If you’ve ever heard those words—you know it’s over.
Because what breaks a team isn’t misalignment.
It’s when one person emotionally checks out… and justifies it with logic.
And here’s the harsh truth: you can’t logic someone back in.
You can’t force them to fall in love with a mission again.
Just like marriage—when someone decides the struggle isn’t worth it anymore, it’s already dead.
I’ve seen it happen. I’ve lived it.
As a professor. As a founder. As someone who’s tried to build things that mattered.
And I can tell you this:
The best teams aren’t built on convenience.
They’re built on irrational grit.
The kind that says: “This is hard. We’ll keep going anyway.”
Not because it’s efficient.
Not because the spreadsheet says so.
But because something deeper drives them—something unmeasurable.
Call it love. Call it stubbornness.
Call it refusing to quit when you know what you’re doing still matters.

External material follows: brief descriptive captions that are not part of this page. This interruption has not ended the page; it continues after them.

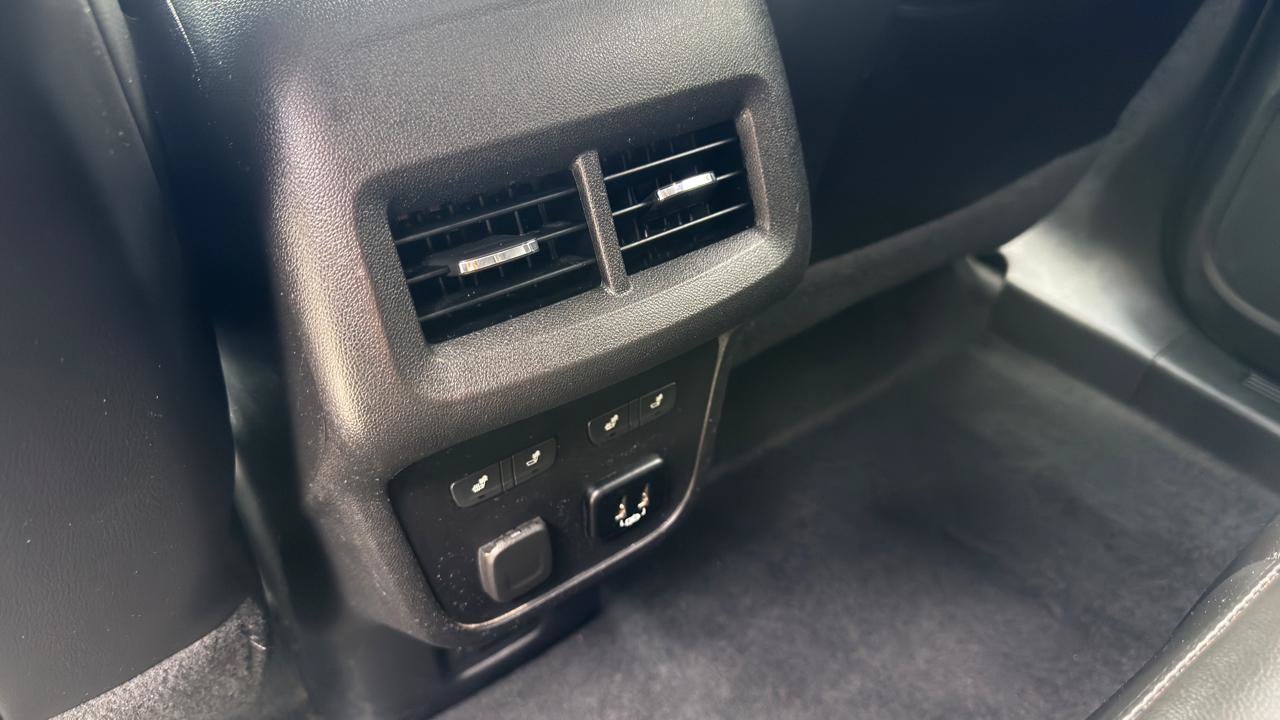 Used 2018 Chevrolet Equinox Premier AWD/4WD image 35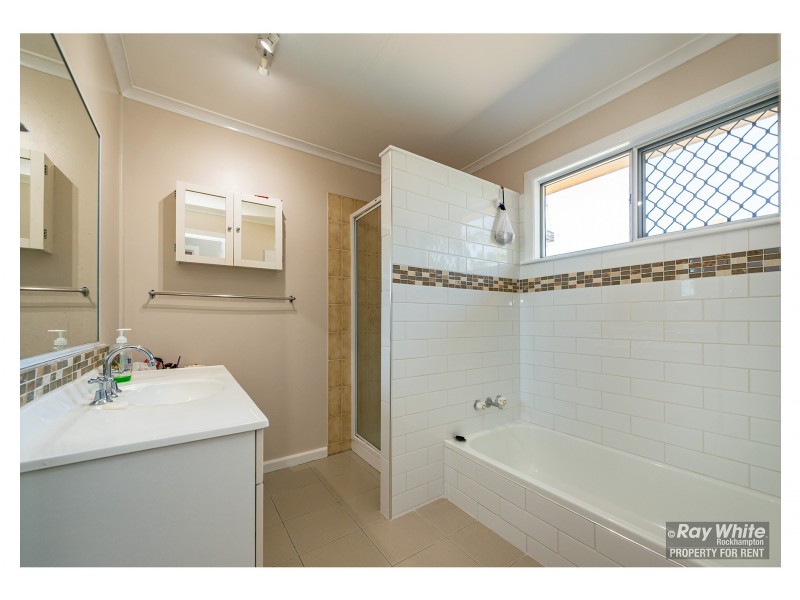 285 Duthie Avenue, Frenchville QLD 4701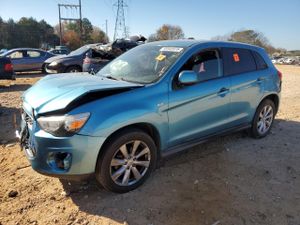 Mitsubishi Outlander ES 2.0L 4 2013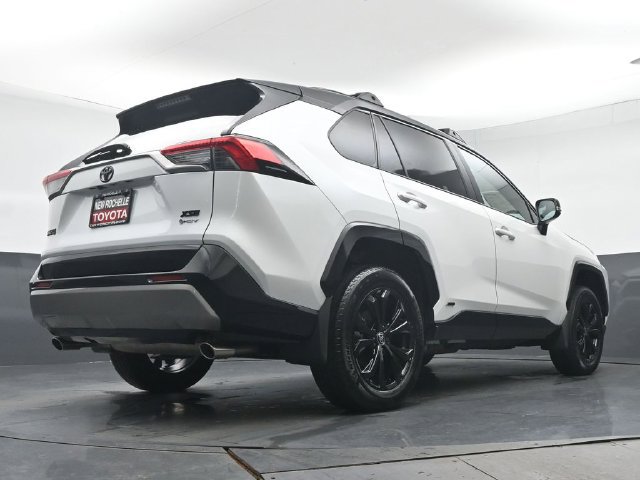Certified 2025 Toyota RAV4 XSE w/ Weather Package AWD/4WD image 36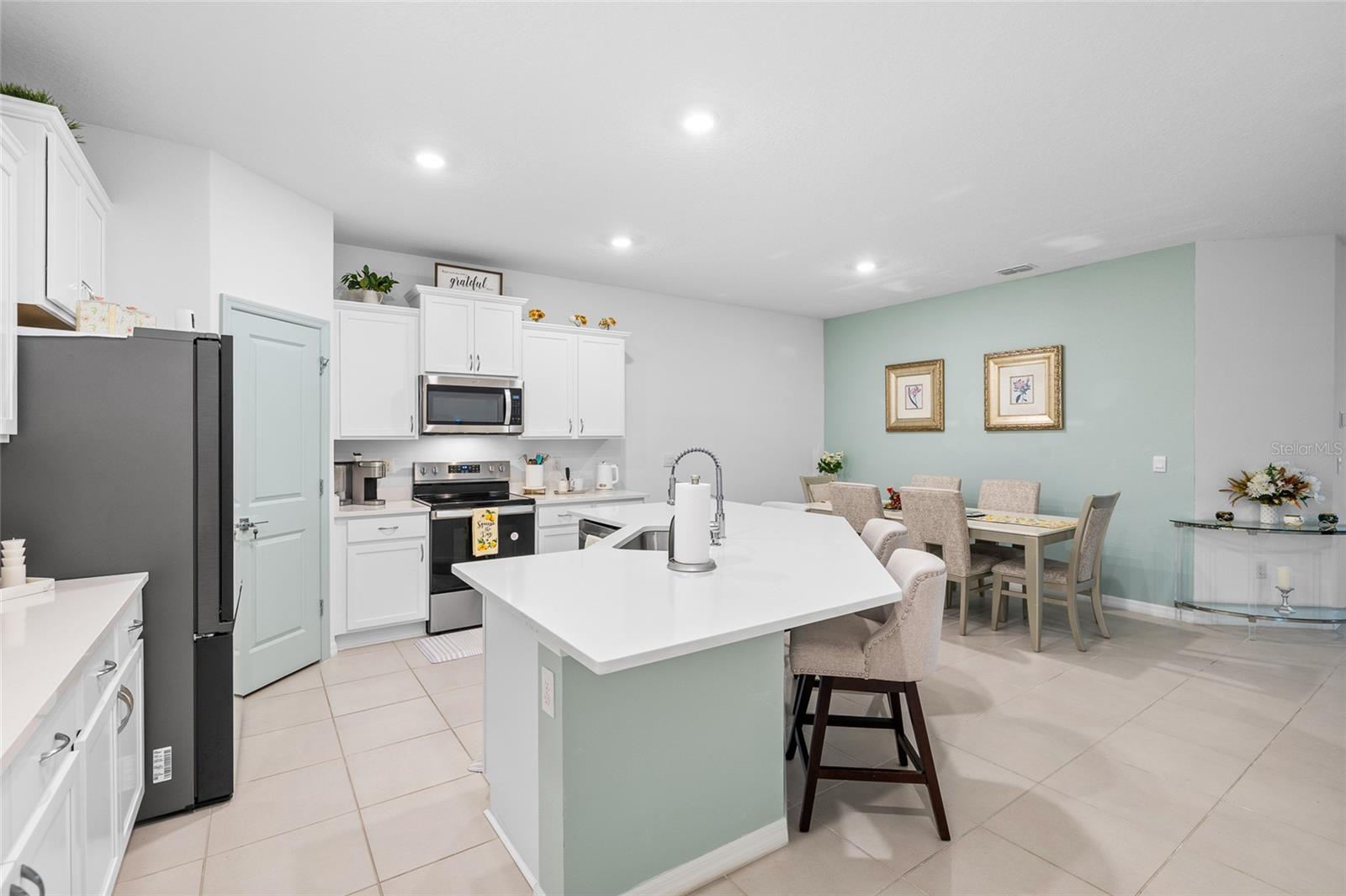 8498 BOLD CYPRESS LN — photo 10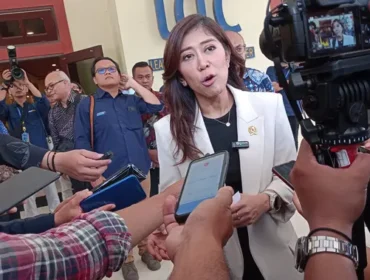 Menkomdigi Meutya Hafid menegaskan transformasi pendidikan dengan AI harus mempertimbangkan kesiapan anak.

It’s not about psychological safety.
It’s about the act of getting back up, again and again, when things break.
So here’s what I look for now:
Are they going to get back up—no matter what?
Are they responsive when it’s ugly, not just when it’s exciting?
Are they okay with starting over and still pushing forward?
Because if they aren’t, the team’s already broken.
And no ROI calculation will fix that.